/---
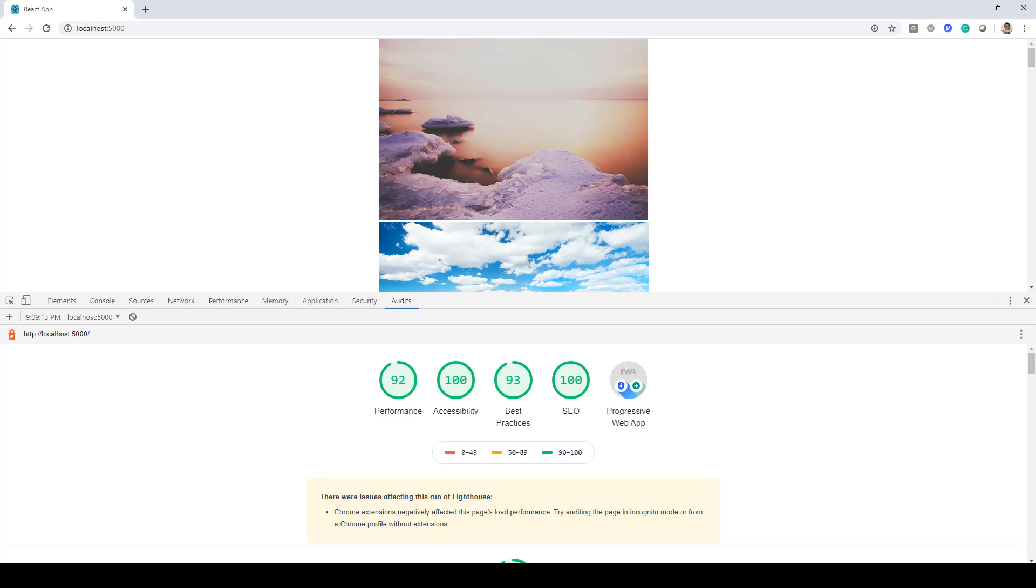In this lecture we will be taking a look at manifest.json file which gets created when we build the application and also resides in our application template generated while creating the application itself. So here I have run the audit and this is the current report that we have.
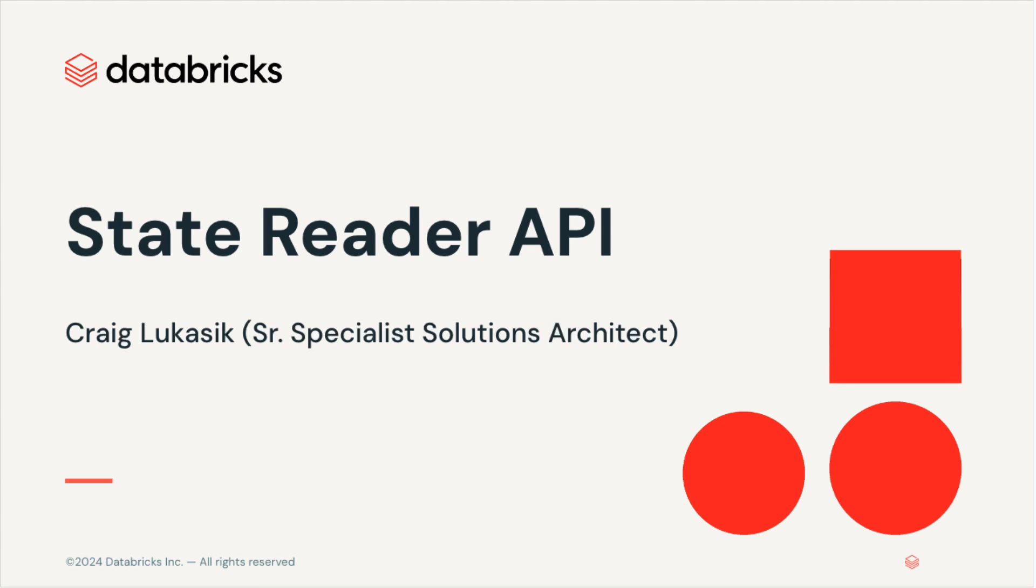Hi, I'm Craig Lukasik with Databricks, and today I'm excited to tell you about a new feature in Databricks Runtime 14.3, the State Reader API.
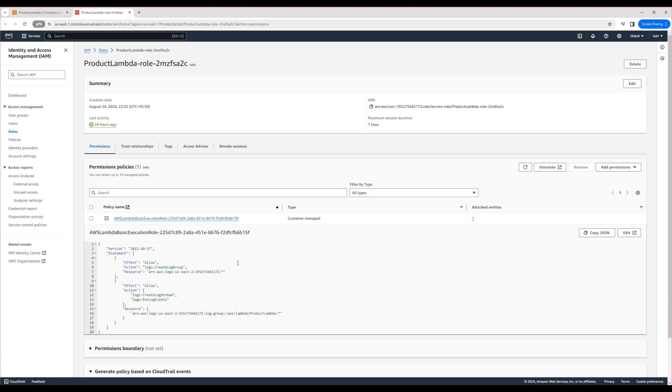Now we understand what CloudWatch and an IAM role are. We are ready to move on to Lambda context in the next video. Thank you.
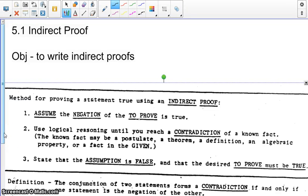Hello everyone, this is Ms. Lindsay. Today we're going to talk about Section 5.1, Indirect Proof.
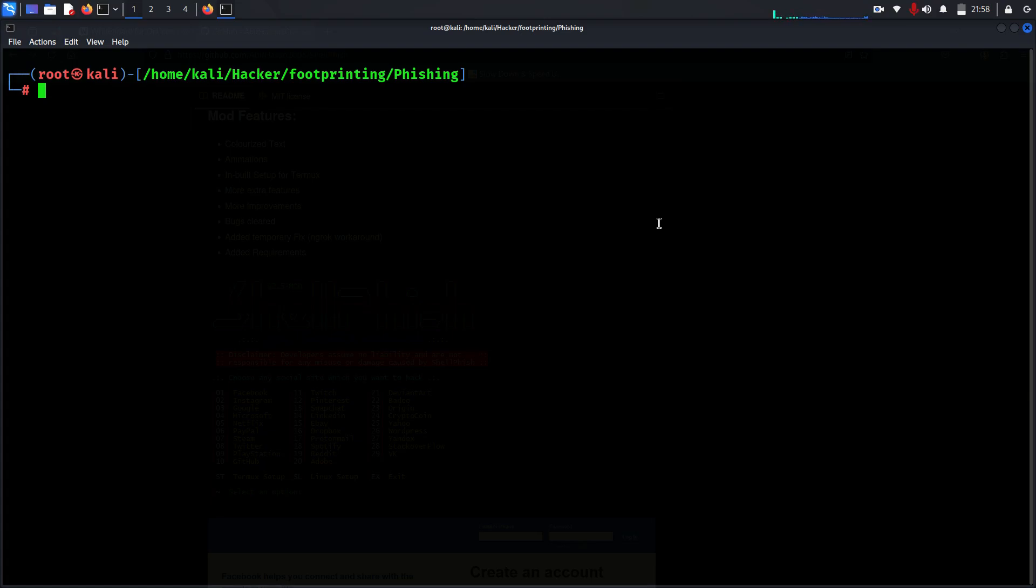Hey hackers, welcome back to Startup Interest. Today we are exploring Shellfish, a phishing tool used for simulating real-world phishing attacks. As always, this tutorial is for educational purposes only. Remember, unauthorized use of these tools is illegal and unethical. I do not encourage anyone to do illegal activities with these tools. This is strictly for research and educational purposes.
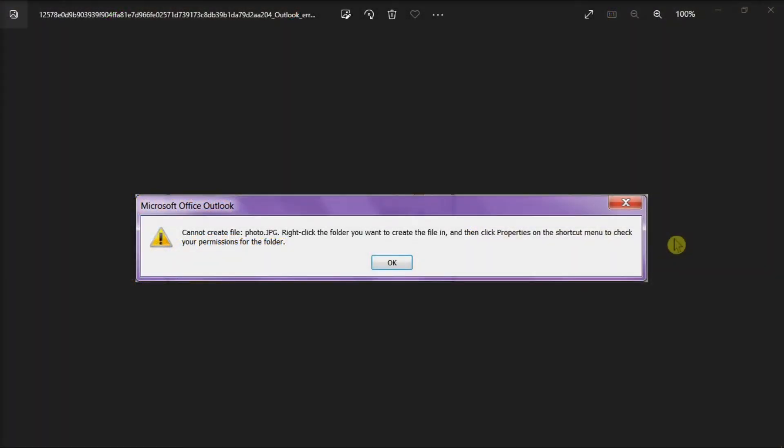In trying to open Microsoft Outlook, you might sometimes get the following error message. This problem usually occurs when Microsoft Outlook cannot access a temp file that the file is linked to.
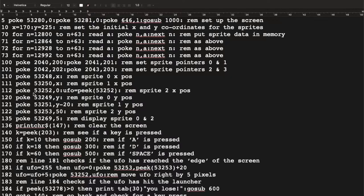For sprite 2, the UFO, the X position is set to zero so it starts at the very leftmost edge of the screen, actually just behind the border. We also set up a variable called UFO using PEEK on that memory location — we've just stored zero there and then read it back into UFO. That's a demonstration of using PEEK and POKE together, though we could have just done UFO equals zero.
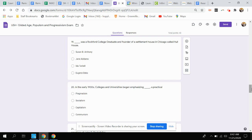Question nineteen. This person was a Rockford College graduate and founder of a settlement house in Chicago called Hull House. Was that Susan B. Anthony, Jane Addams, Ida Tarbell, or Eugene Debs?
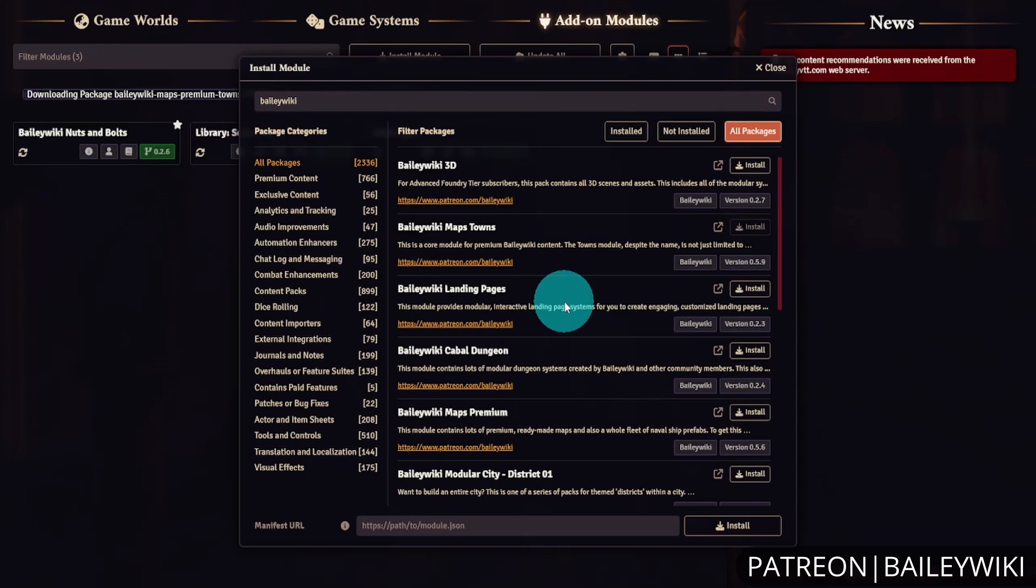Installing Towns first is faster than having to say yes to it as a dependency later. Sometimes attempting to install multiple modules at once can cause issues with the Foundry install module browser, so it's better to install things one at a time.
\---
## Goal of the exercise
Once the pictures are removed, return the entries exactly as they stand.

## Result for this exercise
In this lecture we will be taking a look at manifest.json file which gets created when we build the application and also resides in our application template generated while creating the application itself. So here I have run the audit and this is the current report that we have.
Hi, I'm Craig Lukasik with Databricks, and today I'm excited to tell you about a new feature in Databricks Runtime 14.3, the State Reader API.
Now we understand what CloudWatch and an IAM role are. We are ready to move on to Lambda context in the next video. Thank you.
Hello everyone, this is Ms. Lindsay. Today we're going to talk about Section 5.1, Indirect Proof.
Hey hackers, welcome back to Startup Interest. Today we are exploring Shellfish, a phishing tool used for simulating real-world phishing attacks. As always, this tutorial is for educational purposes only. Remember, unauthorized use of these tools is illegal and unethical. I do not encourage anyone to do illegal activities with these tools. This is strictly for research and educational purposes.
In trying to open Microsoft Outlook, you might sometimes get the following error message. This problem usually occurs when Microsoft Outlook cannot access a temp file that the file is linked to.
For sprite 2, the UFO, the X position is set to zero so it starts at the very leftmost edge of the screen, actually just behind the border. We also set up a variable called UFO using PEEK on that memory location — we've just stored zero there and then read it back into UFO. That's a demonstration of using PEEK and POKE together, though we could have just done UFO equals zero.
Question nineteen. This person was a Rockford College graduate and founder of a settlement house in Chicago called Hull House. Was that Susan B. Anthony, Jane Addams, Ida Tarbell, or Eugene Debs?
Installing Towns first is faster than having to say yes to it as a dependency later. Sometimes attempting to install multiple modules at once can cause issues with the Foundry install module browser, so it's better to install things one at a time.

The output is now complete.